Рана его, несмотря на свою ничтожность, все еще не заживала, хотя уже прошло шесть недель, как он был ранен. В лице его была та же бледная опухлость, которая была на всех гошпитальных лицах. Но не это поразило Ростова; его поразило то, что Денисов как будто не рад был ему и неестественно ему улыбался. Денисов не расспрашивал ни про полк, ни про общий ход дела. Когда Ростов говорил про это, Денисов не слушал.

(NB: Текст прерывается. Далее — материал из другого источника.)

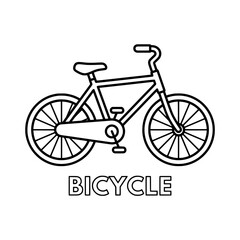 Fototapeta premium Simple Black and White Bicycle Illustration for Coloring and Design.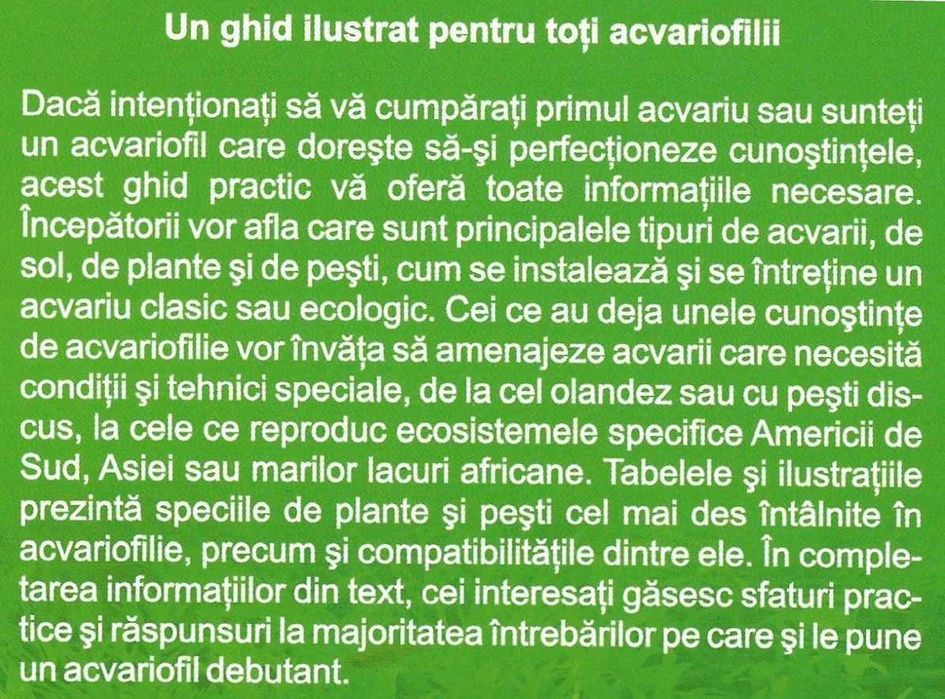 Cartea Acvariul de apa dulce, ghid specii de pesti, acvaristica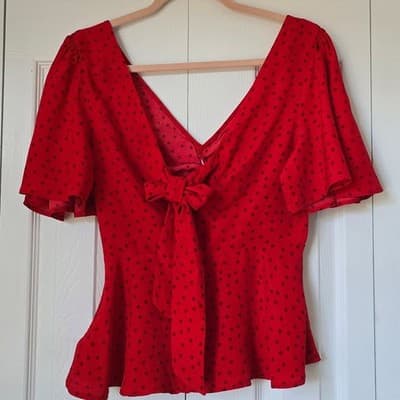 A New Day Red Polka Dot Tie Front Peplum Blouse XS Short Sleeve V-Neck Top - Thumbnail 10
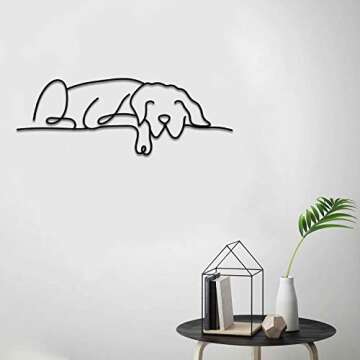 Matani Metal Dog Wall Decor | Dog Wall Art | Metal Wall Art | Metal Wall Decor | Minimalist Room & Living Room Wall Décor (Sleeping Labrador) (Sleeping Dog)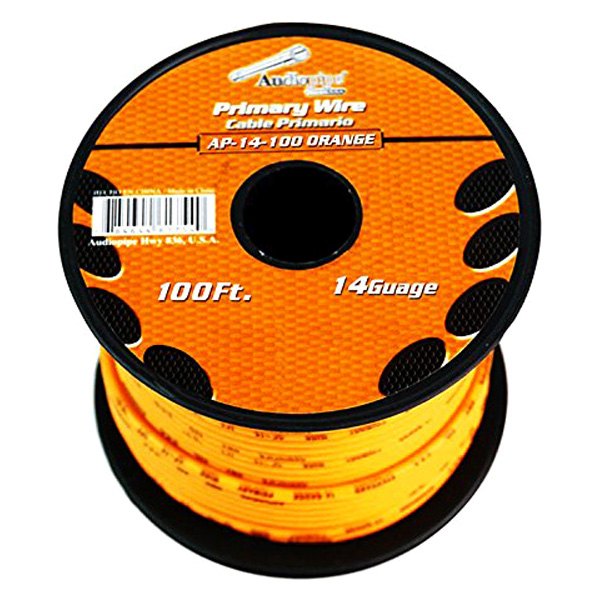 Audiopipe® - 14 AWG Single 100' Orange Stranded TWP Primary Wire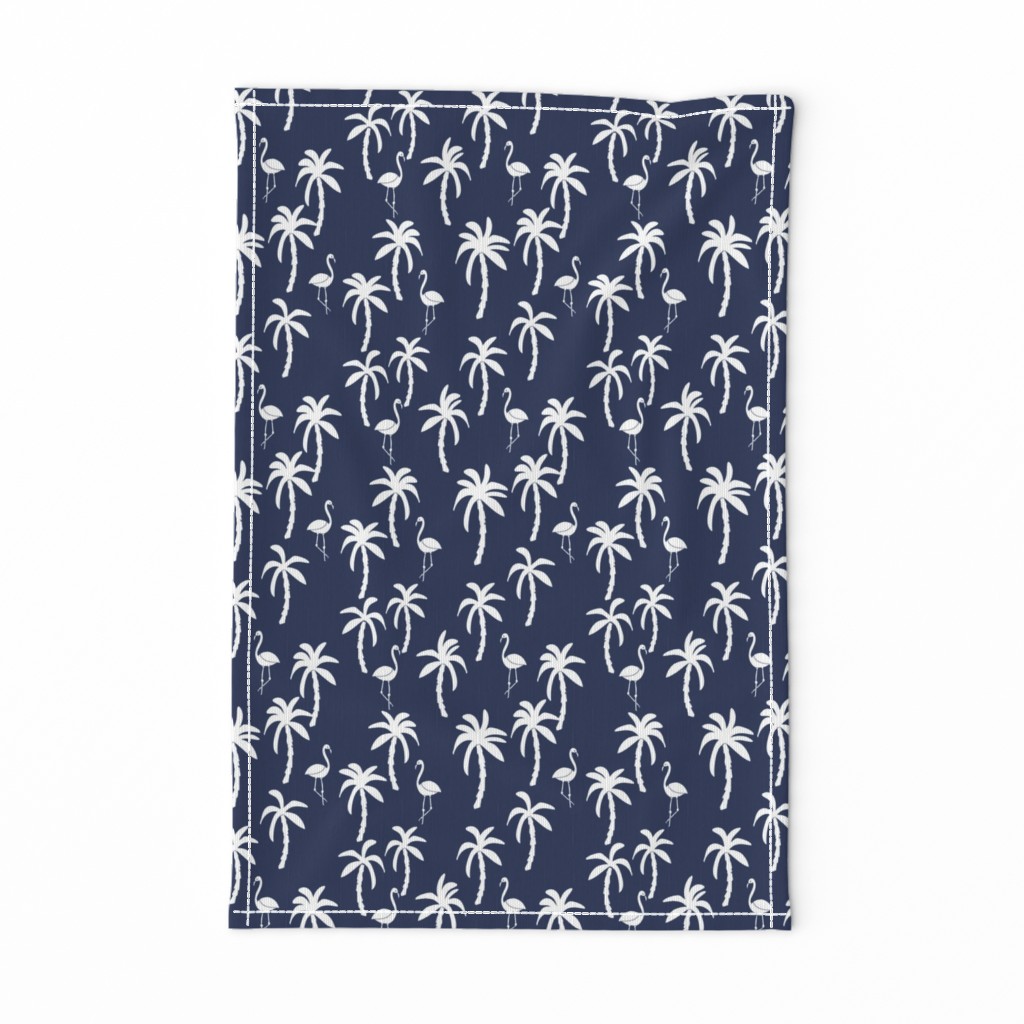 palm tree fabric // flamingo summer tropical print - navy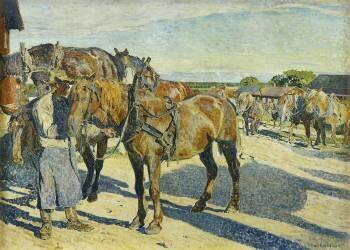Dans la cour de l'écurie (Carl Wilhelmson) - Muzeo.com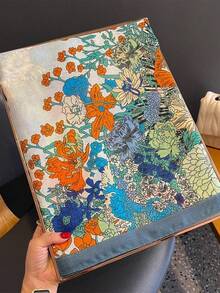 1pc Retro Print Elegant Scarf, Lightweight Linen Shawl, Versatile For Travel, Photography, Daily Wear - Multicolor - View 2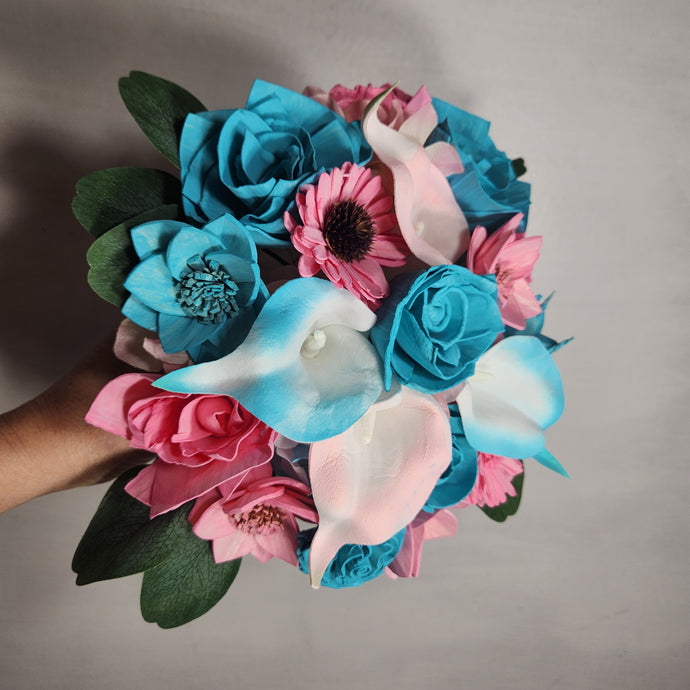 Pink Teal Rose Calla Lily Real Touch Bridal Wedding Bouquet Accessories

Ростов заметил даже, что Денисову неприятно было, когда ему напоминали о полке и вообще о той, другой, вольной жизни, которая шла вне госпиталя. Он, казалось, старался забыть ту прежнюю жизнь и интересовался только своим делом с провиантскими чиновниками. На вопрос Ростова, в каком положении было дело, он тотчас достал из под подушки бумагу, полученную из комиссии, и свой черновой ответ на нее. Он оживился, начав читать свою бумагу и особенно давал заметить Ростову колкости, которые он в этой бумаге говорил своим врагам. Госпитальные товарищи Денисова, окружившие было Ростова – вновь прибывшее из вольного света лицо, – стали понемногу расходиться, как только Денисов стал читать свою бумагу. По их лицам Ростов понял, что все эти господа уже не раз слышали всю эту успевшую им надоесть историю. Только сосед на кровати, толстый улан, сидел на своей койке, мрачно нахмурившись и куря трубку, и маленький Тушин без руки продолжал слушать, неодобрительно покачивая головой. В середине чтения улан перебил Денисова.
– А по мне, – сказал он, обращаясь к Ростову, – надо просто просить государя о помиловании. Теперь, говорят, награды будут большие, и верно простят…
– Мне просить государя! – сказал Денисов голосом, которому он хотел придать прежнюю энергию и горячность, но который звучал бесполезной раздражительностью. – О чем? Ежели бы я был разбойник, я бы просил милости, а то я сужусь за то, что вывожу на чистую воду разбойников. Пускай судят, я никого не боюсь: я честно служил царю, отечеству и не крал! И меня разжаловать, и… Слушай, я так прямо и пишу им, вот я пишу: «ежели бы я был казнокрад…
– Ловко написано, что и говорить, – сказал Тушин. Да не в том дело, Василий Дмитрич, – он тоже обратился к Ростову, – покориться надо, а вот Василий Дмитрич не хочет. Ведь аудитор говорил вам, что дело ваше плохо.
– Ну пускай будет плохо, – сказал Денисов. – Вам написал аудитор просьбу, – продолжал Тушин, – и надо подписать, да вот с ними и отправить. У них верно (он указал на Ростова) и рука в штабе есть. Уже лучше случая не найдете.
– Да ведь я сказал, что подличать не стану, – перебил Денисов и опять продолжал чтение своей бумаги.
Ростов не смел уговаривать Денисова, хотя он инстинктом чувствовал, что путь, предлагаемый Тушиным и другими офицерами, был самый верный, и хотя он считал бы себя счастливым, ежели бы мог оказать помощь Денисову: он знал непреклонность воли Денисова и его правдивую горячность.
Когда кончилось чтение ядовитых бумаг Денисова, продолжавшееся более часа, Ростов ничего не сказал, и в самом грустном расположении духа, в обществе опять собравшихся около него госпитальных товарищей Денисова, провел остальную часть дня, рассказывая про то, что он знал, и слушая рассказы других. Денисов мрачно молчал в продолжение всего вечера.
Поздно вечером Ростов собрался уезжать и спросил Денисова, не будет ли каких поручений?
– Да, постой, – сказал Денисов, оглянулся на офицеров и, достав из под подушки свои бумаги, пошел к окну, на котором у него стояла чернильница, и сел писать.
– Видно плетью обуха не пег'ешибешь, – сказал он, отходя от окна и подавая Ростову большой конверт. – Это была просьба на имя государя, составленная аудитором, в которой Денисов, ничего не упоминая о винах провиантского ведомства, просил только о помиловании.
– Передай, видно… – Он не договорил и улыбнулся болезненно фальшивой улыбкой.


Вернувшись в полк и передав командиру, в каком положении находилось дело Денисова, Ростов с письмом к государю поехал в Тильзит.
13 го июня, французский и русский императоры съехались в Тильзите. Борис Друбецкой просил важное лицо, при котором он состоял, о том, чтобы быть причислену к свите, назначенной состоять в Тильзите.